The Effects of Lipopolysaccharide Derivatives in Rodent Models of Cardiac Arrhythmia.

BACKGROUND

Several previous studies have suggested that sublethal doses of Escherichia coli lipopolysaccharide (endotoxin) and monophosphoryl lipid A Re595, a nonpyrogenic derivative of Salmonella minnesota lipopolysaccharide, exhibit antiarrhythmic effects in the rat model of ischemia-reperfusion arrhythmias.

METHODS

In this study, the protective effect of lipopolysaccharide derivatives was also further investigated in drug (aconitine or ouabain)-induced arrhythmia models, and conclusions were drawn with particular emphasis on the molecular characteristics of different types of lipopolysaccharide.

RESULTS

The importance of the molecular structure for the antiarrhythmic effect of monophosphoryl lipid A and E. coli lipopolysaccharide was tested in the ischemia-reperfusion arrhythmia model.
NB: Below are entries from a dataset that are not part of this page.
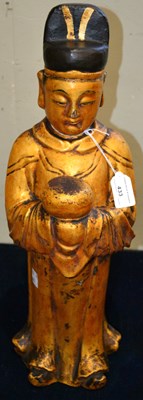 Lot 433 - A Chinese carved and lacquered giltwood figure...
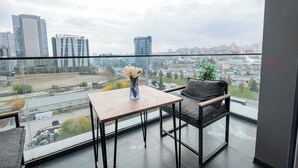 A balcony with a table and chair, a vase with flowers, and a city view. - LUX RESIDENCE 2 ROOMS 1 SALOON (Istanbul)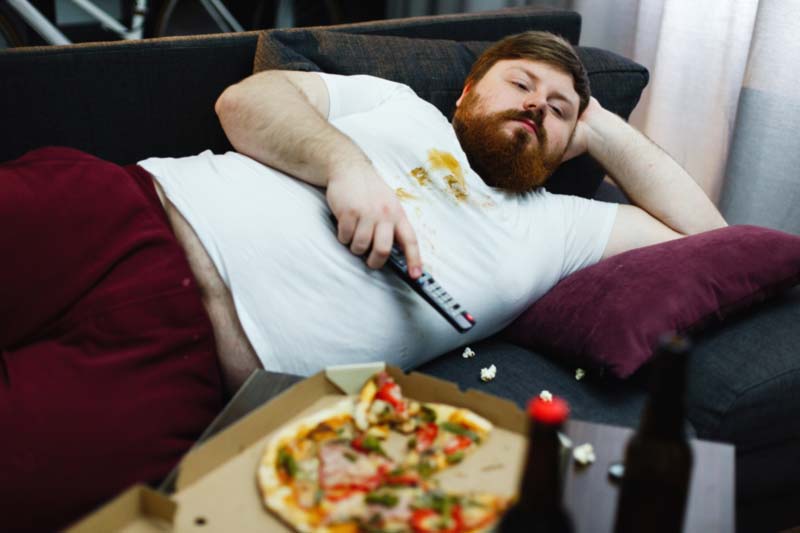 Udebljali čovek leži na kauču jede picu i gleda tv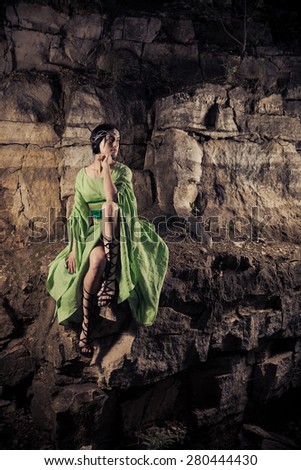 Elf woman on the rocks background.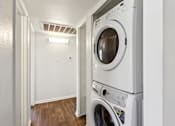 Thumbnail 17 of 29 - Stacked washer and dryer system in closet at Sundancer Apartments, Arizona, 85353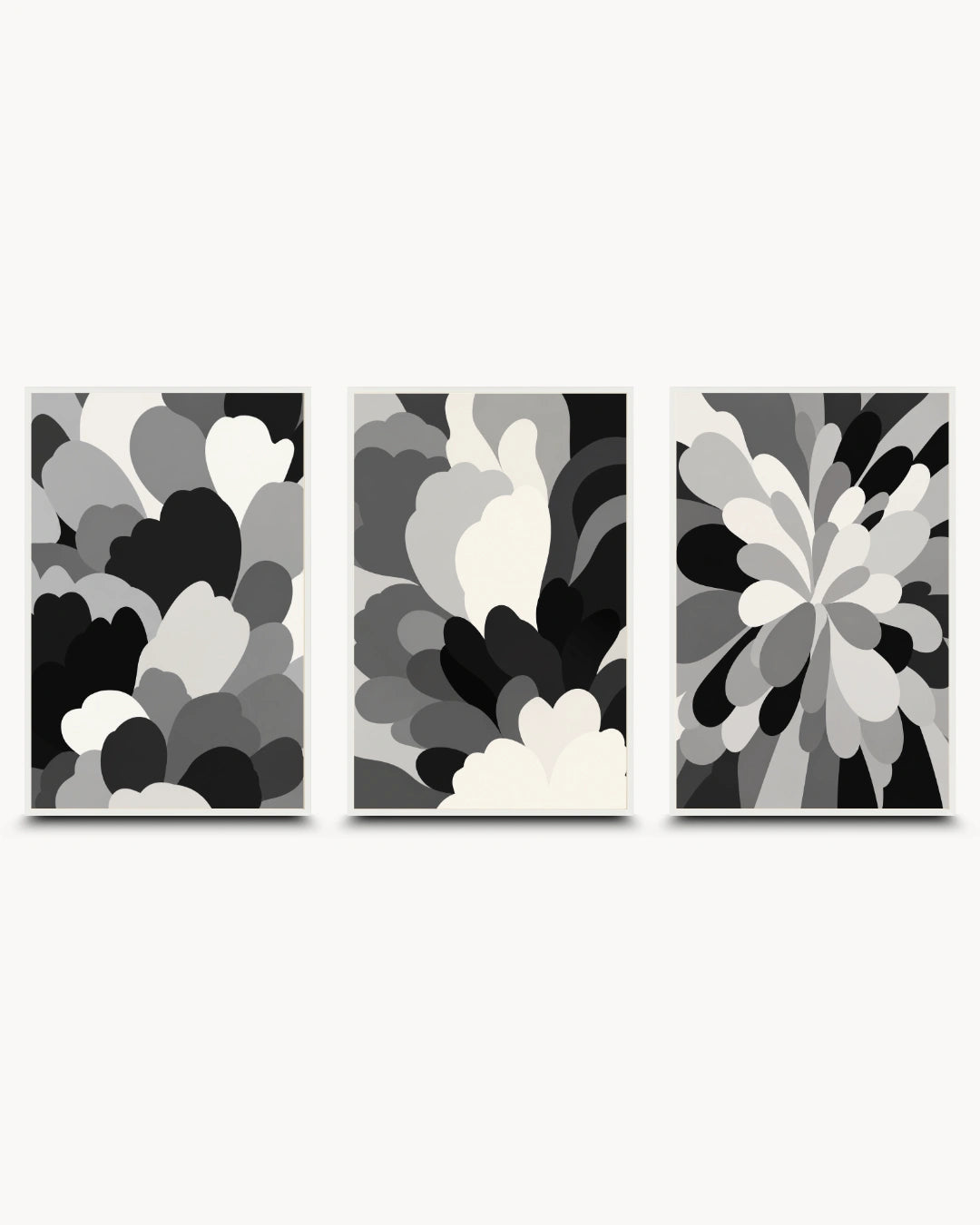 Three framed abstract wall art prints in a black, white, and gray color scheme, arranged side-by-side against a light gray background.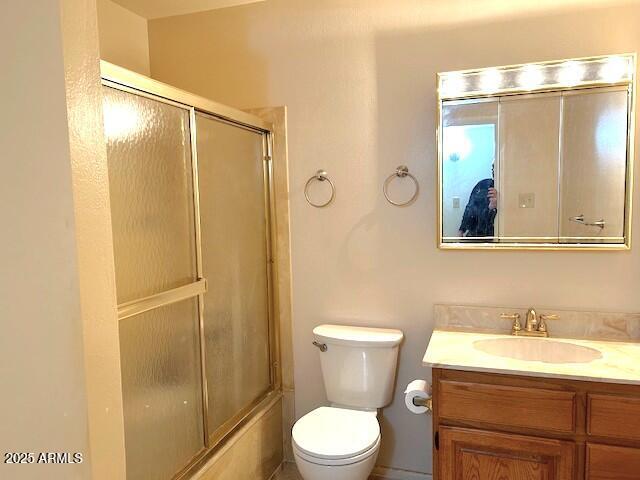 3242 W Christy Dr, Phoenix, AZ 85029 - full bathroom featuring toilet, bath / shower combo with glass door, and vanity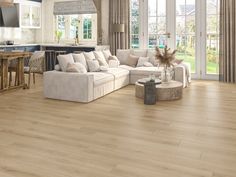 a living room filled with furniture next to a kitchen and dining room table on top of a hard wood floor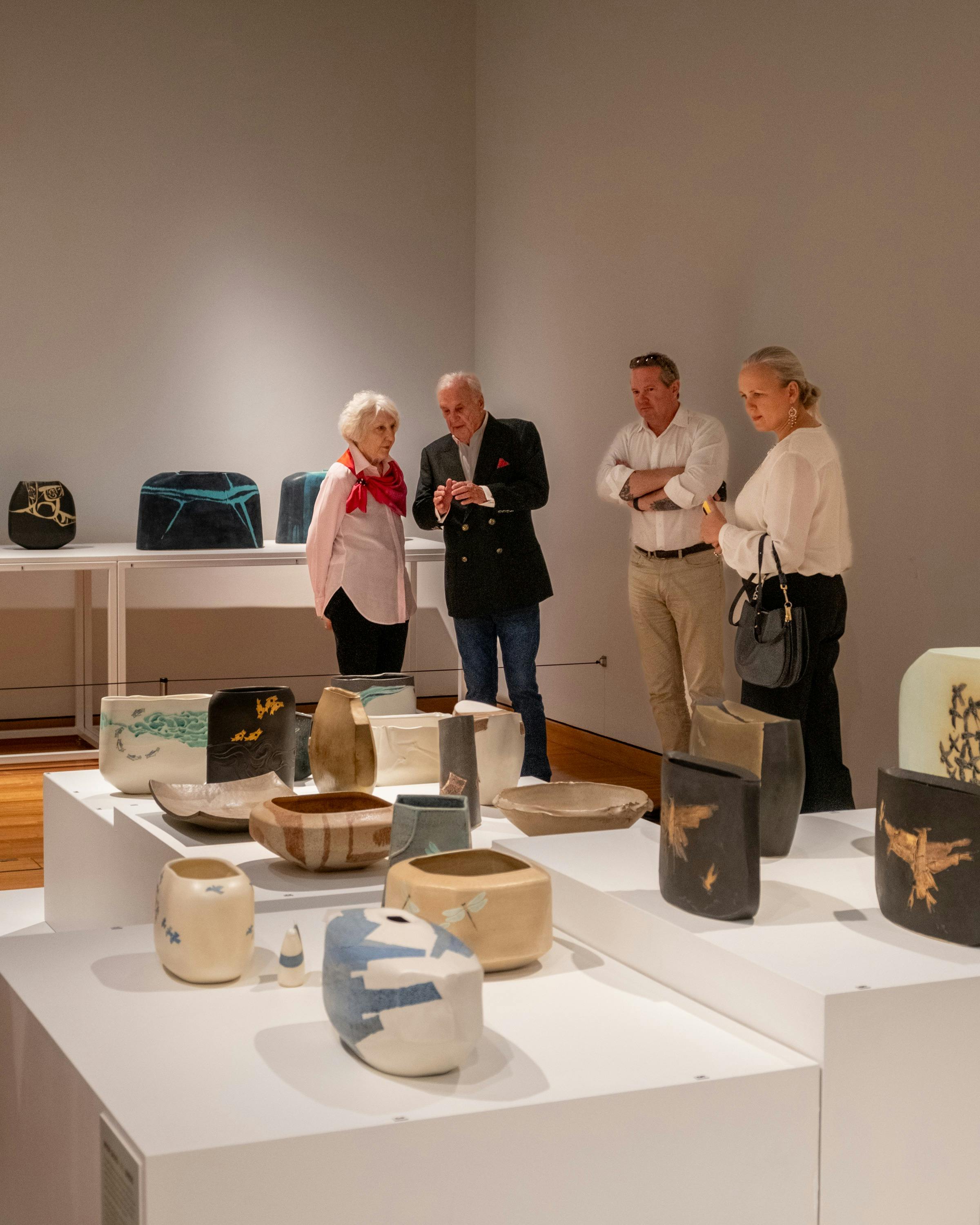 Four people examine the ceramic works of Hiroe Swen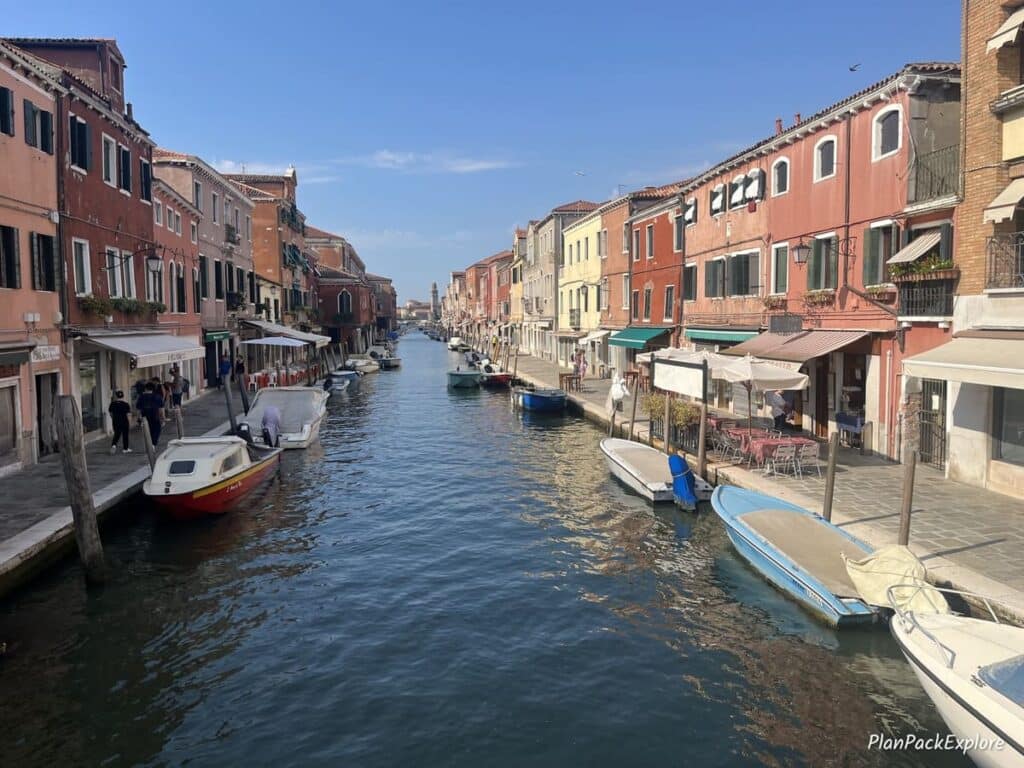 Historic houses along the canal on Murano Island in Italy.
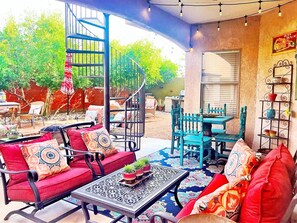 Ein Patio mit einer Wendeltreppe, Sitzgelegenheiten im Freien mit roten und blauen Stühlen, einem Tisch mit gemustertem Tischläufer und einem dekorativen Regal mit Blumentöpfen.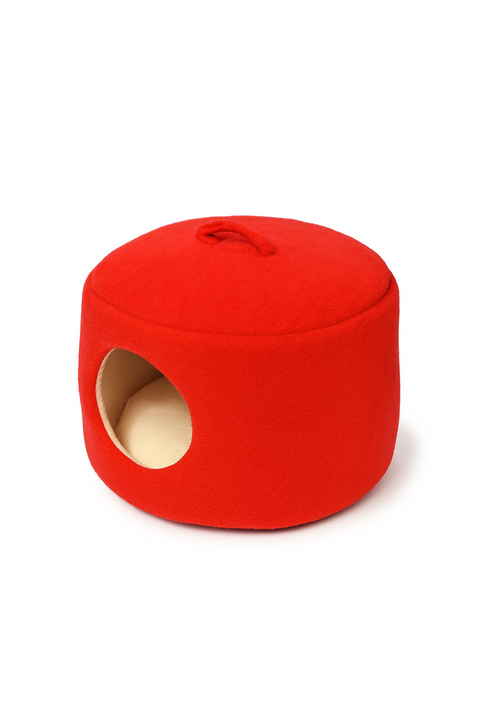 Red cat house with a circular entrance on a white background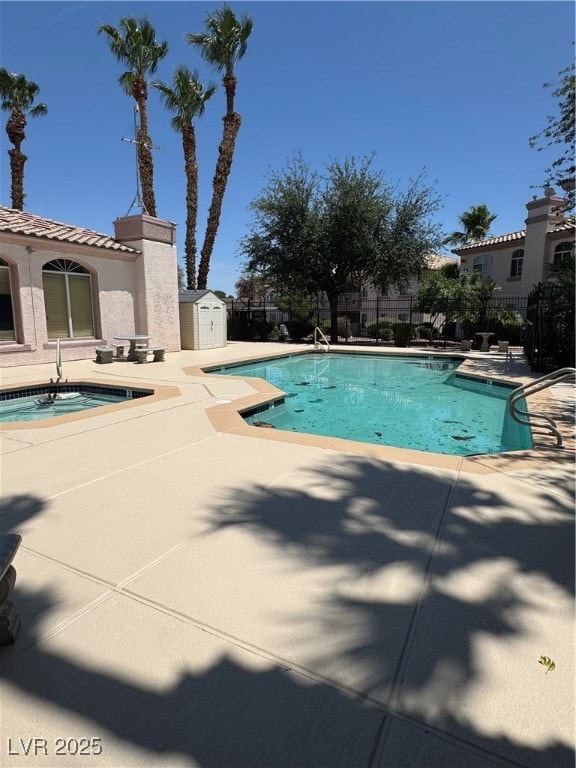 Community pool featuring a patio area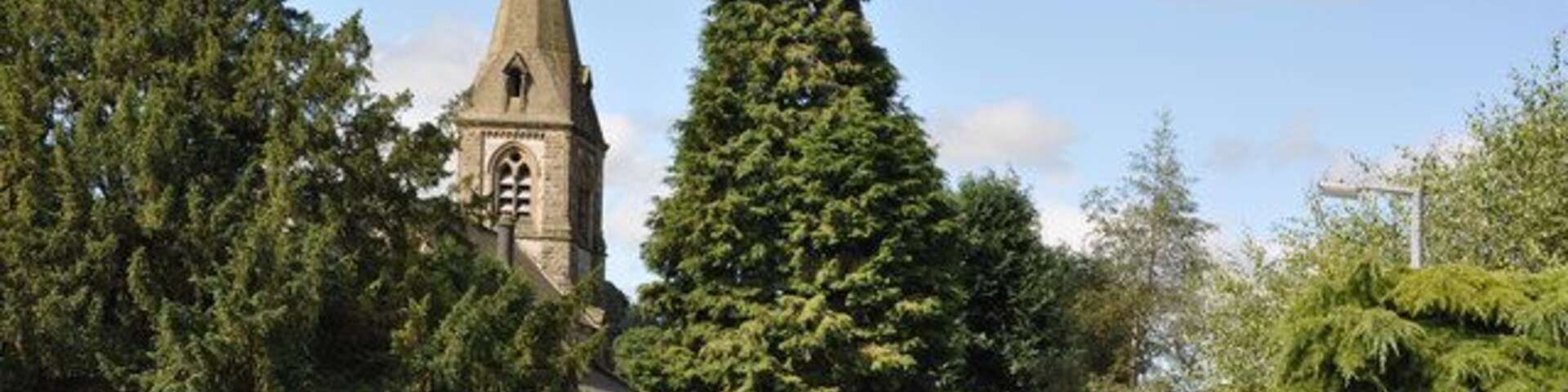 Church Walk, Parwich, Derbyshire, with the tower and spire of St Peter's parish church on the left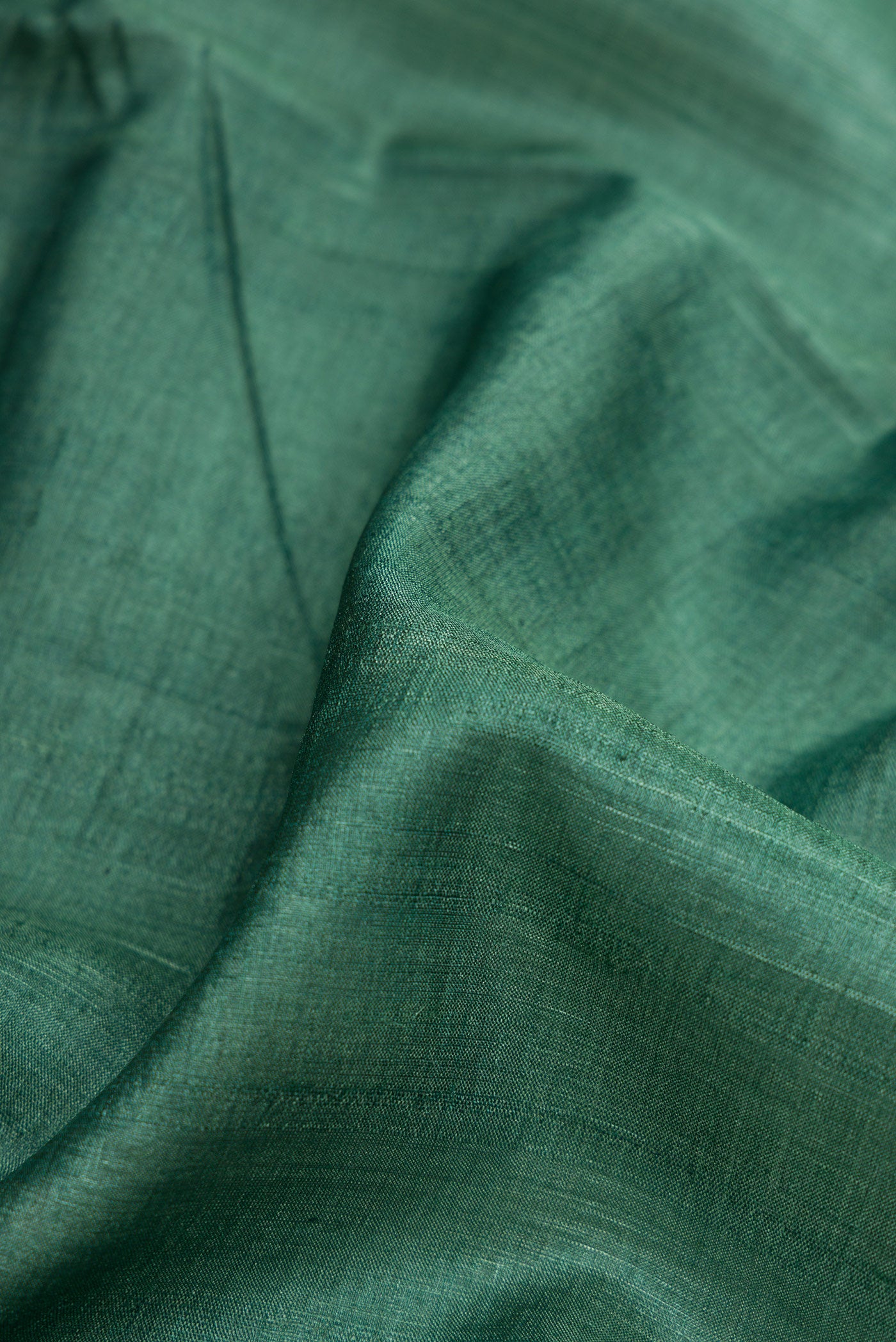 Close up of Green Dual Tone Tussar Silk Saree with Plain Body and Fancy Border.  displaying folds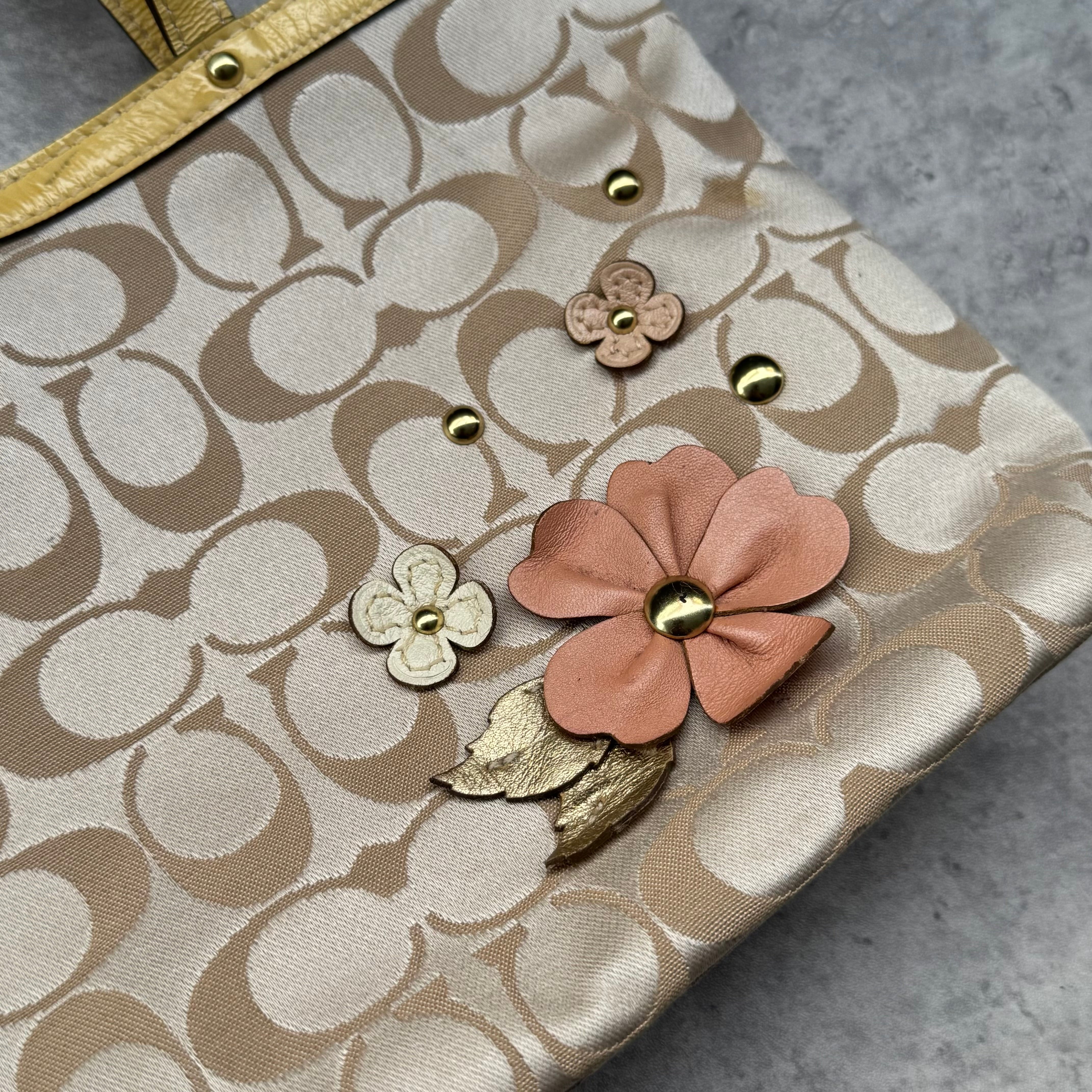 Coach Floral Applique Tote Bag in beige signature canvas with yellow leather trim and pastel leather flower details.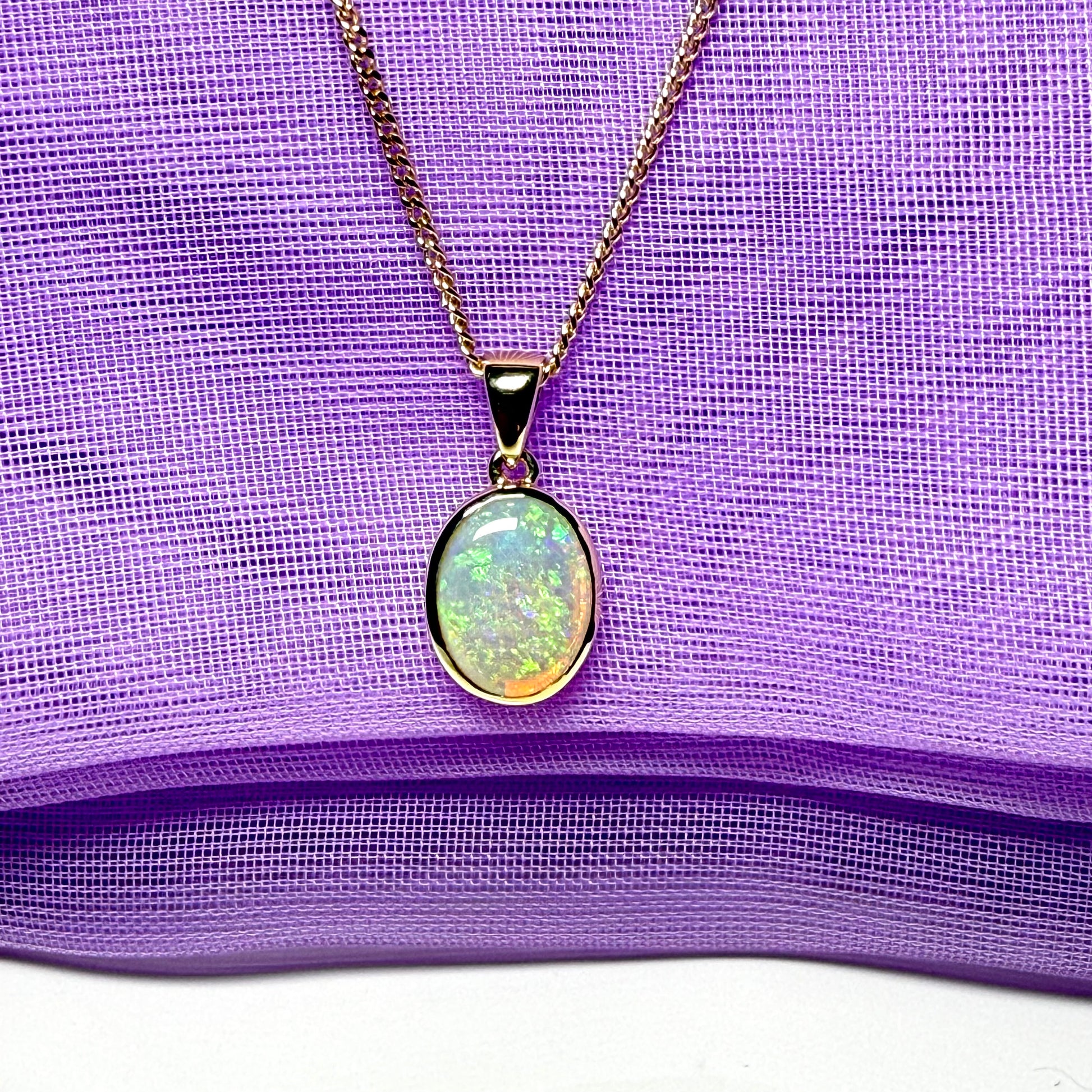 Real opal necklace yellow gold oval pendant smooth rubbed over setting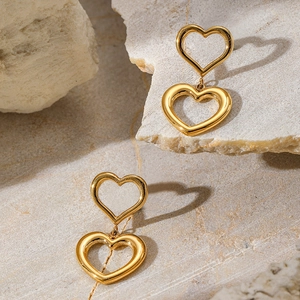 Macro shot of 18K gold plated double heart earrings on a minimalist natural stone background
In contrast to monophosphoryl lipid A from Salmonella typhimurium SL 684 which has only monophosphoryl residue in its structure, monophosphoryl lipid A Re595, obtained from S. minnesota, and E. coli lipopolysaccharide which have both mono and diphosphoryl residue reduced the duration of ventricular tachycardia (e.g., during reperfusion: vehicle: 176 ± 22.8; monophosphoryl lipid A Re595: 132.83 ± 12.1, as second, n=8-10, P < .05) and the incidence of ventricular fibrillation. The antiarrhythmic effects of E. coli lipopolysaccharide and monophosphoryl lipid A Re595 in ischemia-reperfusion arrhythmia model were absent in either aconitine- (e.g., onset time for ventricular ectopic beats: saline 25.3 5.0, E. coli lipopolysaccharide 24.3 ± 7.1; vehicle: 24.0 ± 4.5, monophosphoryl lipid A SL684 23.8 ± 4.3, as second, n=6, P > .05) or ouabain-induced arrhythmia models in mice.

CONCLUSION

Therefore, we conclude that lipopolysaccharide derivatives exhibit antiarrhythmic effect only in ischemia-reperfusion arrhythmias, and lipopolysaccharide should possess diphosphoryl groups in its subcomponent composition for this antiarrhythmic effect.